Dive Brief:
- Kroger’s identical sales excluding fuel increased 1% during the first quarter of fiscal 2026, led by strong digital, fresh and private label sales, CEO Greg Foran said during an earnings call on Thursday morning. Overall sales were up about 2% compared with the same period a year ago, to $46.1 billion, while operating profit was up more than 6%.
- The grocer’s e-commerce operations turned a profit for the first time during Q1, Foran said.
- Kroger expects e-commerce profitability to continue expanding and is depending on that trend “to become a larger contributor to margin expansion over time,” CFO David Kennerley said during the call.
Dive Insight:
Kroger executives cast the company’s online operations as a particular source of strength. Digital sales grew 19% year over year during the quarter, led by delivery, and the company drew a “record number” of new households to its e-commerce business, Foran said during the call
In addition, orders delivered in less than an hour represented about half of the company’s e-commerce growth during the quarter, according to Kennerley.
Digital sales growth helped propel Kroger’s retail media business, which grew more than 20% in Q1. Kroger includes sales from its retail media operations when computing e-commerce performance.
While Kroger’s digital business soared in Q1, the company’s identical-store sales performance was down markedly from the same period in fiscal 2025, when the company recorded sales growth of 3.2%. Kennerley noted that Kroger absorbed a 130-basis-point hit to its identical sales during its most recent quarter because of changes in how the federal government pays for certain prescription drugs — a factor that has also impacted other grocers. The accelerating shift from brand name to generic medications took a bite out of Kroger’s performance in Q1 as well, Kennerley said.
Foran emphasized during the call that improving store operations must be a key priority for Kroger, observing that the company needs “to move faster, make decisions more quickly, and get more out of the assets and the talent we already have.”
Asked during the call about store performance, Foran said he thinks that approximately 60% of the company’s locations need to improve their results. “The gap between our best stores and the rest of the fleet needs to improve, and closing it is one of our biggest near-term opportunities,” he said.
Foran suggested, however, that stores can make meaningful changes to their operations relatively quickly.
“I was in a store the other weekend.
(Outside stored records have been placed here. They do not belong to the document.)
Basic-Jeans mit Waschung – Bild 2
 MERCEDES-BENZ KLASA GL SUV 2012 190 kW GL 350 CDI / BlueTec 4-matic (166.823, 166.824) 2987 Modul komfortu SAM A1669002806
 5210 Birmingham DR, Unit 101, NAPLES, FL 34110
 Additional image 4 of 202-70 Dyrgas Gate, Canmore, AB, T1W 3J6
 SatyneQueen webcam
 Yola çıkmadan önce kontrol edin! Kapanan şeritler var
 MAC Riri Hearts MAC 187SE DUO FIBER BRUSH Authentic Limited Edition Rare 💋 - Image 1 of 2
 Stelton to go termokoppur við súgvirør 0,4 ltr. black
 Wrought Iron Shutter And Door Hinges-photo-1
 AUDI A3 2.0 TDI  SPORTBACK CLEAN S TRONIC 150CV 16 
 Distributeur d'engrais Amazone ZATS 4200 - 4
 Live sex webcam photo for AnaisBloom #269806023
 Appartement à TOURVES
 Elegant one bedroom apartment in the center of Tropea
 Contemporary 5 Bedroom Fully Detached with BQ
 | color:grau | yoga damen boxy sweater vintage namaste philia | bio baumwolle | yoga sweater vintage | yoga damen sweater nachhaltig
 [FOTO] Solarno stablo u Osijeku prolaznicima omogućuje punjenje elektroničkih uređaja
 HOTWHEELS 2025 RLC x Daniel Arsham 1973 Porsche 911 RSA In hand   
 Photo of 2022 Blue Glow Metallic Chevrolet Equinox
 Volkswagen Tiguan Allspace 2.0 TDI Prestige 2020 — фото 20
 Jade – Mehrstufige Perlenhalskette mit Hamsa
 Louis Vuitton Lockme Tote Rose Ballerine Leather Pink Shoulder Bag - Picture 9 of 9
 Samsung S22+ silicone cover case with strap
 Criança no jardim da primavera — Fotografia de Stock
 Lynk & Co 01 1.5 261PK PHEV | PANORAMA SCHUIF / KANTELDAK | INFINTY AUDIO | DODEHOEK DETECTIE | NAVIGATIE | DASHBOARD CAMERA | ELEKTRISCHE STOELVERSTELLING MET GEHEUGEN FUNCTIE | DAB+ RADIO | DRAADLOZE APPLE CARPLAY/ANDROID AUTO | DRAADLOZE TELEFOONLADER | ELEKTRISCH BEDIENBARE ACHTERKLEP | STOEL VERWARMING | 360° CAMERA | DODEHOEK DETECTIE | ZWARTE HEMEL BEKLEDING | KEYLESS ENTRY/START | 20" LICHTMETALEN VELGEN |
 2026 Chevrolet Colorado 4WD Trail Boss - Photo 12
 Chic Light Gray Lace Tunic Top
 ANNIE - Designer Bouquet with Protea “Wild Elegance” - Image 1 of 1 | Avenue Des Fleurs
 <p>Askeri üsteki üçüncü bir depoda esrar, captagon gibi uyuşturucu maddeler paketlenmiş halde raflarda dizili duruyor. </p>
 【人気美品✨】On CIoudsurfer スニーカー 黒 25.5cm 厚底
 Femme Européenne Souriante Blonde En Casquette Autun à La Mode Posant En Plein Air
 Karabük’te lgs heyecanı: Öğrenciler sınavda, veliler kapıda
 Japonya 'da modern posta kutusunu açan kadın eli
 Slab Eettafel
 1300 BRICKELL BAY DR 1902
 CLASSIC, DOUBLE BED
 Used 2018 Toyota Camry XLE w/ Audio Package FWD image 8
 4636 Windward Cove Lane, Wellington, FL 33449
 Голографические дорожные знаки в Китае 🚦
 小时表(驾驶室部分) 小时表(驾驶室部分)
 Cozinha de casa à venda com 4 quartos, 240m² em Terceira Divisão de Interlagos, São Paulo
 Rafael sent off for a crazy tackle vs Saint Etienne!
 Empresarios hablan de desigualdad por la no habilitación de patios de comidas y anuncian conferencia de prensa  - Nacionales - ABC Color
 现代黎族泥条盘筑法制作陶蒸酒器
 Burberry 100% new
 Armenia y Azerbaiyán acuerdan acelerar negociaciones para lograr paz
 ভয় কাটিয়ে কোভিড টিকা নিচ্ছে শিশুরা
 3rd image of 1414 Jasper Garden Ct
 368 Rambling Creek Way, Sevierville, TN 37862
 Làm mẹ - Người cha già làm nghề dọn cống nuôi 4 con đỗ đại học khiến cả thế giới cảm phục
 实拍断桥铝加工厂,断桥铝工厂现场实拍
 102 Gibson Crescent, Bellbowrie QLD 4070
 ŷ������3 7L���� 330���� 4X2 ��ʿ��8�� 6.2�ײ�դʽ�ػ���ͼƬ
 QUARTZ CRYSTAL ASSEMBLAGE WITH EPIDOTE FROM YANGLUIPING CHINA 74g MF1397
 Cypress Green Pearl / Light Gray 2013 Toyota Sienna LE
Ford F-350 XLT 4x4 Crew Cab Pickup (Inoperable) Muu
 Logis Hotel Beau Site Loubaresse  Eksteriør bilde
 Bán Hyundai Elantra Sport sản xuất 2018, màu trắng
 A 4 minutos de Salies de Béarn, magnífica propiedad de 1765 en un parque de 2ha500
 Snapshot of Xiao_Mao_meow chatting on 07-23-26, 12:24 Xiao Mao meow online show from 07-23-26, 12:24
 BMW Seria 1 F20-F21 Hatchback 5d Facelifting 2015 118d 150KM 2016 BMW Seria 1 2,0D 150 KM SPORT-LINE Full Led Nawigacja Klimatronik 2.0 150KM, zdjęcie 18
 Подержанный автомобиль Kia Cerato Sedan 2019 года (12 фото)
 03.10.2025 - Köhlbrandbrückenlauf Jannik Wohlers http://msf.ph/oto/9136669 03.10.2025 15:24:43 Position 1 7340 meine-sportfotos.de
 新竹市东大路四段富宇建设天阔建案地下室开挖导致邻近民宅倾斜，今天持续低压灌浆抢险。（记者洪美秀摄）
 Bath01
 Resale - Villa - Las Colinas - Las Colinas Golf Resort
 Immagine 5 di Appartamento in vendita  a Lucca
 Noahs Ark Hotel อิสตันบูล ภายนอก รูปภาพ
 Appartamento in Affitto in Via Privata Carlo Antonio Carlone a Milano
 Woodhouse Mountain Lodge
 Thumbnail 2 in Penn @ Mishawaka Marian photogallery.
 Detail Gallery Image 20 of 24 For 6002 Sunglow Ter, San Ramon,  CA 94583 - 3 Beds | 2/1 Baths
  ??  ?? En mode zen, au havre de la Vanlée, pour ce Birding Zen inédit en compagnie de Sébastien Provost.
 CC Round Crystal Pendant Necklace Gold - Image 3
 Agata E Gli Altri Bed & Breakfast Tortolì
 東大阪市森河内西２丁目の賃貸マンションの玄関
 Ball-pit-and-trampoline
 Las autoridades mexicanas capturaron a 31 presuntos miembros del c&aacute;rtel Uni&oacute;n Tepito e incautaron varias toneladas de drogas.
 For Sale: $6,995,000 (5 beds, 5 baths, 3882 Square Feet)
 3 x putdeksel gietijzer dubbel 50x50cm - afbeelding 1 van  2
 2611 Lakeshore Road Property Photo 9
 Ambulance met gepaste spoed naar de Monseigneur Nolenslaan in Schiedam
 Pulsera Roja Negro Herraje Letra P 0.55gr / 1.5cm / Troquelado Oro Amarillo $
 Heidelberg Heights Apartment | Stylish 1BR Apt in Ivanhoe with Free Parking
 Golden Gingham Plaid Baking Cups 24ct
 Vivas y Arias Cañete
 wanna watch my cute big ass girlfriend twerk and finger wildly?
It wasn’t in great shape, it had been running negative comp sales, and in the space of basically some hard work over the day by the team, they turned it into some reasonably healthy positive comps,” he said. “So it makes a difference when you run a good store.”
Foran also said Kroger has not expanded its store fleet quickly enough, putting it at a disadvantage compared with other grocery chains. “Competitors have continued to grow their footprint while we stepped back,” he said. “Our existing footprint is one of our strongest assets, but standing still in store growth means standing still in market share.”
Foran noted Kroger’s value proposition is too hard for shoppers to grasp and made clear that the company will take steps to change that.
“We need to be more competitive, more consistent, and easier for customers to understand,” said Foran.
Kroger reaffirmed its guidance for fiscal 2026, which calls for identical sales to come in between 1% and 2%.
Foran, a former Walmart U.S. executive who arrived at Kroger in February, has brought much-needed urgency to the company as it seeks to improve its performance, GlobalData Retail managing director Neil Saunders said in comments sent by email.
“New management under Greg Foran has clearly identified some of the problems and is using more urgent language to suggest Kroger needs to get back to being a best-in-class grocer across multiple dimensions,” Saunders wrote. “We believe this is a critical shift. For too long, Kroger has felt complacent and process-driven rather than customer-led and commercially aggressive.”
Catherine Douglas Moran contributed reporting.